─── RECORDS PROVIDED ───

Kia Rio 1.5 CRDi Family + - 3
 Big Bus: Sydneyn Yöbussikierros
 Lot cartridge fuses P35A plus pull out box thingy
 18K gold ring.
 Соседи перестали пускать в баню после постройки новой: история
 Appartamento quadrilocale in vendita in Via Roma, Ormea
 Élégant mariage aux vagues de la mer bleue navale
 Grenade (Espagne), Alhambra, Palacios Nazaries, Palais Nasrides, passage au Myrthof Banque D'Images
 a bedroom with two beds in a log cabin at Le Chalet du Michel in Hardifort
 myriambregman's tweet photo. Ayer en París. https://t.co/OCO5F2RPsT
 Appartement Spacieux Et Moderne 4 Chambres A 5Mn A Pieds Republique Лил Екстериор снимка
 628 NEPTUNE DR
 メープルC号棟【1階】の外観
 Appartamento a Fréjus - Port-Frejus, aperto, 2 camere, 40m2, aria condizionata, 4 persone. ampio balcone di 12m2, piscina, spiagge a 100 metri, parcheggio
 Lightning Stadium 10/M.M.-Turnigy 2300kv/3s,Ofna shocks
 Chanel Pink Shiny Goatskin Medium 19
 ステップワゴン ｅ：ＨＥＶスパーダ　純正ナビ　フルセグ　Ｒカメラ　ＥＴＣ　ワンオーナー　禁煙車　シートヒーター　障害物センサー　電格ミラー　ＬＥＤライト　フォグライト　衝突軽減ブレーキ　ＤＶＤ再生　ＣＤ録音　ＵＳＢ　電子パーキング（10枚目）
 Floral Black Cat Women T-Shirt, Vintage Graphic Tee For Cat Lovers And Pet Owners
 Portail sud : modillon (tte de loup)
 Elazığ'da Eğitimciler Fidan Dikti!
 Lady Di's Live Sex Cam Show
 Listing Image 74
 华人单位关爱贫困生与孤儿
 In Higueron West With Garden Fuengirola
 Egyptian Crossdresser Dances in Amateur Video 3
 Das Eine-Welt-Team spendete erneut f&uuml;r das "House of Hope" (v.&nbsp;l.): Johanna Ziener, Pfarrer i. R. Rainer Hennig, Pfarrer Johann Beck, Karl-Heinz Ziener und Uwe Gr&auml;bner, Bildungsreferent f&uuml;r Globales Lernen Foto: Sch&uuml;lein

───

→ TASK INSTRUCTIONS: Every line of the data above should be copied exactly.

→ TASK SOLUTION:
Kia Rio 1.5 CRDi Family + - 3
 Big Bus: Sydneyn Yöbussikierros
 Lot cartridge fuses P35A plus pull out box thingy
 18K gold ring.
 Соседи перестали пускать в баню после постройки новой: история
 Appartamento quadrilocale in vendita in Via Roma, Ormea
 Élégant mariage aux vagues de la mer bleue navale
 Grenade (Espagne), Alhambra, Palacios Nazaries, Palais Nasrides, passage au Myrthof Banque D'Images
 a bedroom with two beds in a log cabin at Le Chalet du Michel in Hardifort
 myriambregman's tweet photo. Ayer en París. https://t.co/OCO5F2RPsT
 Appartement Spacieux Et Moderne 4 Chambres A 5Mn A Pieds Republique Лил Екстериор снимка
 628 NEPTUNE DR
 メープルC号棟【1階】の外観
 Appartamento a Fréjus - Port-Frejus, aperto, 2 camere, 40m2, aria condizionata, 4 persone. ampio balcone di 12m2, piscina, spiagge a 100 metri, parcheggio
 Lightning Stadium 10/M.M.-Turnigy 2300kv/3s,Ofna shocks
 Chanel Pink Shiny Goatskin Medium 19
 ステップワゴン ｅ：ＨＥＶスパーダ　純正ナビ　フルセグ　Ｒカメラ　ＥＴＣ　ワンオーナー　禁煙車　シートヒーター　障害物センサー　電格ミラー　ＬＥＤライト　フォグライト　衝突軽減ブレーキ　ＤＶＤ再生　ＣＤ録音　ＵＳＢ　電子パーキング（10枚目）
 Floral Black Cat Women T-Shirt, Vintage Graphic Tee For Cat Lovers And Pet Owners
 Portail sud : modillon (tte de loup)
 Elazığ'da Eğitimciler Fidan Dikti!
 Lady Di's Live Sex Cam Show
 Listing Image 74
 华人单位关爱贫困生与孤儿
 In Higueron West With Garden Fuengirola
 Egyptian Crossdresser Dances in Amateur Video 3
 Das Eine-Welt-Team spendete erneut f&uuml;r das "House of Hope" (v.&nbsp;l.): Johanna Ziener, Pfarrer i. R. Rainer Hennig, Pfarrer Johann Beck, Karl-Heinz Ziener und Uwe Gr&auml;bner, Bildungsreferent f&uuml;r Globales Lernen Foto: Sch&uuml;lein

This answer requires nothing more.